**Task item**
In the data that follows, give the number of lines containing the word "Print". Offer no additional comment.

Short text fragments from websites:
-- Opening Marker --
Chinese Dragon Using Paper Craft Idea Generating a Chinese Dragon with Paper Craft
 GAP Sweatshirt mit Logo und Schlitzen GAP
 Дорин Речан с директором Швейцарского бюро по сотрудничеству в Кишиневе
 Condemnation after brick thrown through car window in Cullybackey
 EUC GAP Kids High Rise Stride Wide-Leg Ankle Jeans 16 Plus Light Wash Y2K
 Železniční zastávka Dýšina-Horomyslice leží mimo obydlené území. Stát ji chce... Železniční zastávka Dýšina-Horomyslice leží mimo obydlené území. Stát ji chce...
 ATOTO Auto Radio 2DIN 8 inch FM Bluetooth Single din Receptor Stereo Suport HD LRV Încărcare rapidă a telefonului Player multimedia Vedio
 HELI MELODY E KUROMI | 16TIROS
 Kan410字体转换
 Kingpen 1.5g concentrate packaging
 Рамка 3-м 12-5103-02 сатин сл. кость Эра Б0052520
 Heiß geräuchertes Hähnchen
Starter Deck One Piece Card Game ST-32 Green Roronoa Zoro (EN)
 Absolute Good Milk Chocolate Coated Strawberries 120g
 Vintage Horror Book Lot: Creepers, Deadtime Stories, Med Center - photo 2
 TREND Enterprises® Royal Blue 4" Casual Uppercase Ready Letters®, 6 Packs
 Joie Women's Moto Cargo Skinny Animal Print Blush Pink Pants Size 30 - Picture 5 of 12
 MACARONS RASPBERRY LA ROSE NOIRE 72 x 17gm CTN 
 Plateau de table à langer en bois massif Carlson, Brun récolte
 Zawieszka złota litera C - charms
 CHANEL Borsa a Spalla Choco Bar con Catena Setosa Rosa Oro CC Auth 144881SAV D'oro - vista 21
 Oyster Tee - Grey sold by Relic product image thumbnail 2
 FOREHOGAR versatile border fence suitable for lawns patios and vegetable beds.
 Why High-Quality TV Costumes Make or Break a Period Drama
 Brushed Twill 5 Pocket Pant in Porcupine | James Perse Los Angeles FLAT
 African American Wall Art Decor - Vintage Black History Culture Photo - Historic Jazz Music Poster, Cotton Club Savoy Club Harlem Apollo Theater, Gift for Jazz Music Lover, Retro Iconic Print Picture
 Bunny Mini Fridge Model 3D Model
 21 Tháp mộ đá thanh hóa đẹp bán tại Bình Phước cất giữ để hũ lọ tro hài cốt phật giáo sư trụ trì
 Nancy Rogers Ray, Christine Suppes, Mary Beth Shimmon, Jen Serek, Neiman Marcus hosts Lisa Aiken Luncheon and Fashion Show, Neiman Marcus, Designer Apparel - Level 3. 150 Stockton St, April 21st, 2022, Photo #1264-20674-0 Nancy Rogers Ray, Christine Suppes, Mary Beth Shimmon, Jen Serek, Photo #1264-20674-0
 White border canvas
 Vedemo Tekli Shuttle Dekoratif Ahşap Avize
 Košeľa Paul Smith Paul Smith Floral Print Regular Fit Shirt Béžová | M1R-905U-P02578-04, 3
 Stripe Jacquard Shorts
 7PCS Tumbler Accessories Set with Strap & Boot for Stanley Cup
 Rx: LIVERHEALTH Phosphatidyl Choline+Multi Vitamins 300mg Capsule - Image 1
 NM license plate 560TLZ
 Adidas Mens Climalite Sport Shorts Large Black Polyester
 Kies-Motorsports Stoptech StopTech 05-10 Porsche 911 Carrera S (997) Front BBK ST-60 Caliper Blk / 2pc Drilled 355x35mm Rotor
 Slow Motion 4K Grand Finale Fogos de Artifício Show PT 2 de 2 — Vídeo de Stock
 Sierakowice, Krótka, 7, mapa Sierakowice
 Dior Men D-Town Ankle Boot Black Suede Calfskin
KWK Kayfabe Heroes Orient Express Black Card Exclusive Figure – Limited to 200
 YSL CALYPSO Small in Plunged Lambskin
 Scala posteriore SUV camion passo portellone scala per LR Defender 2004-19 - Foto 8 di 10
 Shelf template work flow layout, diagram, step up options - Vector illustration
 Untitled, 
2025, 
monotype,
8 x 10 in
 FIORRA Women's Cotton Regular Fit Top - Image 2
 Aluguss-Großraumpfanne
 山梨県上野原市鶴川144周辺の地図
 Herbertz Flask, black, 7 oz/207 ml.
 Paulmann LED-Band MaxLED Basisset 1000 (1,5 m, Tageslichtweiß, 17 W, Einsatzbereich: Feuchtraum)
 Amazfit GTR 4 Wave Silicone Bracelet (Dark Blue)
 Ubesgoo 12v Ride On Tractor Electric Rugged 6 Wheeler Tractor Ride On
-- Closing Marker --
**Result for this task**
3